** Opening Data extracts block **
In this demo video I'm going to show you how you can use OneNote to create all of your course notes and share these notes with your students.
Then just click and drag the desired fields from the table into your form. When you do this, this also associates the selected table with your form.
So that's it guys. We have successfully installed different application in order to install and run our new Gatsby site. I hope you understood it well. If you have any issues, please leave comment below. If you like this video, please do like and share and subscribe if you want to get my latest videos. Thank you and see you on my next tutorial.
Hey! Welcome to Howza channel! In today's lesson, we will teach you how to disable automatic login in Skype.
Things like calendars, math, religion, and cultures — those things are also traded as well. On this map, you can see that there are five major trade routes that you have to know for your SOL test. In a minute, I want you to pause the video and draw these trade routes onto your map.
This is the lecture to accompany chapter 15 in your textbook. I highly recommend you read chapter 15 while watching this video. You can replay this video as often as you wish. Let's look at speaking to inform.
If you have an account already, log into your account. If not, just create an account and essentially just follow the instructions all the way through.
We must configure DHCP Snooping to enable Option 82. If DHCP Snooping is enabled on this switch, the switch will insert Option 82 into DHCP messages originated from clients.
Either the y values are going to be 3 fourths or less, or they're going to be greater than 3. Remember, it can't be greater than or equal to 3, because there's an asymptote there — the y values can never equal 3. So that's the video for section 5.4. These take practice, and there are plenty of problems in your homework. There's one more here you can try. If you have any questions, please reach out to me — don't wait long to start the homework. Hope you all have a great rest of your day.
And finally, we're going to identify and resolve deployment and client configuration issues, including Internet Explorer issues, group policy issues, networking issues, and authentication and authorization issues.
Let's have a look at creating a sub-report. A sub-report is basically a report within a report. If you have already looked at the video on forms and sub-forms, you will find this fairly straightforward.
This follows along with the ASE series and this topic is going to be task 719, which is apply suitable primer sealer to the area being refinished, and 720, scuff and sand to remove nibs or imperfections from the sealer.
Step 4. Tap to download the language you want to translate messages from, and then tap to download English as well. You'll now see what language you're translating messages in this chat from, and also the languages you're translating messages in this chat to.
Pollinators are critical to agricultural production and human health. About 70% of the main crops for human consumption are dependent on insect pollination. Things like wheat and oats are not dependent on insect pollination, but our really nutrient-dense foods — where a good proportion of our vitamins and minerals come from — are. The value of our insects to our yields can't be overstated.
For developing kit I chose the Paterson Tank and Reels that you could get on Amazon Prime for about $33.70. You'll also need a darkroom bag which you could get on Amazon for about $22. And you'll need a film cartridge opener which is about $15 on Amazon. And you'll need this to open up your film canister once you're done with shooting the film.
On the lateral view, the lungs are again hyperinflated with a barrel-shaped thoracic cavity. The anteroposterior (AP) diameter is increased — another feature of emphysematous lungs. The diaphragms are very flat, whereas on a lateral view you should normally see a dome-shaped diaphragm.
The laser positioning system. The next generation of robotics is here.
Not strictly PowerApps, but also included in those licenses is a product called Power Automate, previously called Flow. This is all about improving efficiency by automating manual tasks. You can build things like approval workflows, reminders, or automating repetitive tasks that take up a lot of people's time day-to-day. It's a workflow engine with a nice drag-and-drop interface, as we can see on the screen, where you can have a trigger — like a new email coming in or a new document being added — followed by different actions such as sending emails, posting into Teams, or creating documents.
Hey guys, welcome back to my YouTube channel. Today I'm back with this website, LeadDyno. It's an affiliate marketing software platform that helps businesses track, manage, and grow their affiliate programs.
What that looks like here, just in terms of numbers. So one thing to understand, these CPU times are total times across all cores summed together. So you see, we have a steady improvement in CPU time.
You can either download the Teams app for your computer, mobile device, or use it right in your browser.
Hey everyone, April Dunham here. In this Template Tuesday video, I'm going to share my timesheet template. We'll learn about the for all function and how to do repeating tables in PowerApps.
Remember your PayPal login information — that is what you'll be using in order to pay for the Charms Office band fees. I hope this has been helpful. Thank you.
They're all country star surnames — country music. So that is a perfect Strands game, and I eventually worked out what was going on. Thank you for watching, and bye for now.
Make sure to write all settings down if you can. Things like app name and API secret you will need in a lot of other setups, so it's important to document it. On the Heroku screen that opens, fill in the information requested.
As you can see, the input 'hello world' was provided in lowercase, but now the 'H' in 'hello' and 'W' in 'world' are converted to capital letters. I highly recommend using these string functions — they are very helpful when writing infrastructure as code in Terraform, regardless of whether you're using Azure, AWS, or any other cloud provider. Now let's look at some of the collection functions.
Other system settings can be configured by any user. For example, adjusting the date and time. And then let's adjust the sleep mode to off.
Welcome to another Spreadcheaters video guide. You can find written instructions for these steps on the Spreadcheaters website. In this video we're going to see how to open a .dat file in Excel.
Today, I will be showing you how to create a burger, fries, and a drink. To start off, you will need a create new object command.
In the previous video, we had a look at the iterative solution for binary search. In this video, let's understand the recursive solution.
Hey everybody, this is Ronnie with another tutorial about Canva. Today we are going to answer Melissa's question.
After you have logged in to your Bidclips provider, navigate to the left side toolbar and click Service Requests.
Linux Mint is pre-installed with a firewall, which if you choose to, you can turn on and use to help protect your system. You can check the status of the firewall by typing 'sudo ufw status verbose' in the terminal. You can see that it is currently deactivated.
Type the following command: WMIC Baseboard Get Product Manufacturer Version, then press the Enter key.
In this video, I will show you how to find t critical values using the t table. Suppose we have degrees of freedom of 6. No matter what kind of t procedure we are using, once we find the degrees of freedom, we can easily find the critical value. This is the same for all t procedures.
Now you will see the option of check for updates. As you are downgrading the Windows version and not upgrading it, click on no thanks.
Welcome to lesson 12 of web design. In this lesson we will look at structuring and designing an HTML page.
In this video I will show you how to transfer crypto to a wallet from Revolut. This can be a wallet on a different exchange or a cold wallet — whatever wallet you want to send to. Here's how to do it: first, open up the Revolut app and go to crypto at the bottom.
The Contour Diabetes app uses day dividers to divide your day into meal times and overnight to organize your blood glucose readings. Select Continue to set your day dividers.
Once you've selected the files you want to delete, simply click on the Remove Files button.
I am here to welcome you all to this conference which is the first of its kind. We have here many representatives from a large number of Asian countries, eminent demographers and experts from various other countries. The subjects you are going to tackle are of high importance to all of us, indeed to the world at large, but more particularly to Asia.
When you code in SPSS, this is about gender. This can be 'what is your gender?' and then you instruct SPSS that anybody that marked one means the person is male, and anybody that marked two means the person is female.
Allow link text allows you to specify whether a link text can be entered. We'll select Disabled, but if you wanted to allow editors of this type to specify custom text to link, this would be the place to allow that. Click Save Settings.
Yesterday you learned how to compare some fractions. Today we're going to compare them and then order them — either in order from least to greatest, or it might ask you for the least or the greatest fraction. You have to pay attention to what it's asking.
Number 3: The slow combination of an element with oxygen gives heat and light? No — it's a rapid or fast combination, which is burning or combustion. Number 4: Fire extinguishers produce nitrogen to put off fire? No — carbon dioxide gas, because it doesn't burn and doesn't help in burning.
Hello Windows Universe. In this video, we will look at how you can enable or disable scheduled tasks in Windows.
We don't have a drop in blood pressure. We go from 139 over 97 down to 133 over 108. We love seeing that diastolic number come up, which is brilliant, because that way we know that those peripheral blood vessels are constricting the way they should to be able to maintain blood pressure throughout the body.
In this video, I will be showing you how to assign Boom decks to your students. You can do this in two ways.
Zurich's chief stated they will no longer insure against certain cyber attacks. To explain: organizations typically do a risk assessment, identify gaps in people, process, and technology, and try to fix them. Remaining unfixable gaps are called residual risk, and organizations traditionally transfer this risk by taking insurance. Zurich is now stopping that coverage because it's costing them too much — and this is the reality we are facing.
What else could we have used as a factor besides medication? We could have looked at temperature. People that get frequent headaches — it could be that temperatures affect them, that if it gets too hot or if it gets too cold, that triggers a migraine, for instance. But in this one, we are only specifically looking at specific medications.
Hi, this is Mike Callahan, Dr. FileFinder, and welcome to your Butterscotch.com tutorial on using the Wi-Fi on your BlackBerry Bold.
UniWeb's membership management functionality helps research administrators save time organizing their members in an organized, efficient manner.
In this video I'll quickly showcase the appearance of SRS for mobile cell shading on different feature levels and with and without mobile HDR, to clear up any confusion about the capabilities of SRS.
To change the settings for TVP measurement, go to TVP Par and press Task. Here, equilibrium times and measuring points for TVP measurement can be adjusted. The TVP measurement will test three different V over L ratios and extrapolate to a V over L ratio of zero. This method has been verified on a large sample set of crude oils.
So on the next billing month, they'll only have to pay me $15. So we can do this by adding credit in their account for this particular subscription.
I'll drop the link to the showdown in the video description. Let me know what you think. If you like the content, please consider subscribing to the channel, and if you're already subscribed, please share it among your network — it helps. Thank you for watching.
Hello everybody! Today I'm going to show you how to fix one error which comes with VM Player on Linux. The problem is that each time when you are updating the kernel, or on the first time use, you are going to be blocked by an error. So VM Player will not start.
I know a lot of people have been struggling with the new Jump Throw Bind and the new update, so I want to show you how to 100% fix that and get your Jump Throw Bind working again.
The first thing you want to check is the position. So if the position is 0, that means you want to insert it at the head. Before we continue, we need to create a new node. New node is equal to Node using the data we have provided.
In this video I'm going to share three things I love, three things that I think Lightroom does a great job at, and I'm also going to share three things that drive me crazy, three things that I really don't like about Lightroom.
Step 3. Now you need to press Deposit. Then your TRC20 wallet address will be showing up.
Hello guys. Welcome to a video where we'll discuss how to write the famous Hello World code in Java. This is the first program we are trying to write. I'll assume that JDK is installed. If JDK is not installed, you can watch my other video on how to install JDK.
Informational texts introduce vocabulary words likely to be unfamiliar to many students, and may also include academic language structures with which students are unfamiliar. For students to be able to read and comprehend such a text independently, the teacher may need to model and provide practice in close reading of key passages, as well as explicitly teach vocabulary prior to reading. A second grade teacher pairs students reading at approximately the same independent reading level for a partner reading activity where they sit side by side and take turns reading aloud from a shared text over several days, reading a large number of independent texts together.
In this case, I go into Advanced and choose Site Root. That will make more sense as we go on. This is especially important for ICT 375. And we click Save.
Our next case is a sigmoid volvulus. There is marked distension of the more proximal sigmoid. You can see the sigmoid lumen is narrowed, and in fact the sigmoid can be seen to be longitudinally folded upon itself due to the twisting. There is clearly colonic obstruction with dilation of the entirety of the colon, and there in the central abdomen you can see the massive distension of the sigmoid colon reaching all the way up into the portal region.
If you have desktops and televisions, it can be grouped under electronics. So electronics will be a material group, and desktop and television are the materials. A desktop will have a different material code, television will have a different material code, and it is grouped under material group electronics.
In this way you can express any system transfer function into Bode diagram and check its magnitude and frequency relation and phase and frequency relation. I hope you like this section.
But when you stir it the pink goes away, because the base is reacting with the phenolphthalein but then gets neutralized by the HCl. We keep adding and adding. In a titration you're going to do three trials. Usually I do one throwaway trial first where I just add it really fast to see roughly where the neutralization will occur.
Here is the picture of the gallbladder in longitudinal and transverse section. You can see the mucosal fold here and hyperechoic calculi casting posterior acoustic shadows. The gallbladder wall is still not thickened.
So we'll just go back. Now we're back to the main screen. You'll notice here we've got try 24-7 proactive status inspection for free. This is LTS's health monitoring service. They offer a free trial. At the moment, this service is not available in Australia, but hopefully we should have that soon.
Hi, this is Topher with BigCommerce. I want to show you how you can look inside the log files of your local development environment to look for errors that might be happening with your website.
** Closing Data extracts block **
Task instructions
Using the entries above, output exactly the lines between the line holding "Yesterday you learned" and the line holding "Number 3: The", end lines included, and nothing more.

Solution for this task
Yesterday you learned how to compare some fractions. Today we're going to compare them and then order them — either in order from least to greatest, or it might ask you for the least or the greatest fraction. You have to pay attention to what it's asking.
Number 3: The slow combination of an element with oxygen gives heat and light? No — it's a rapid or fast combination, which is burning or combustion. Number 4: Fire extinguishers produce nitrogen to put off fire? No — carbon dioxide gas, because it doesn't burn and doesn't help in burning.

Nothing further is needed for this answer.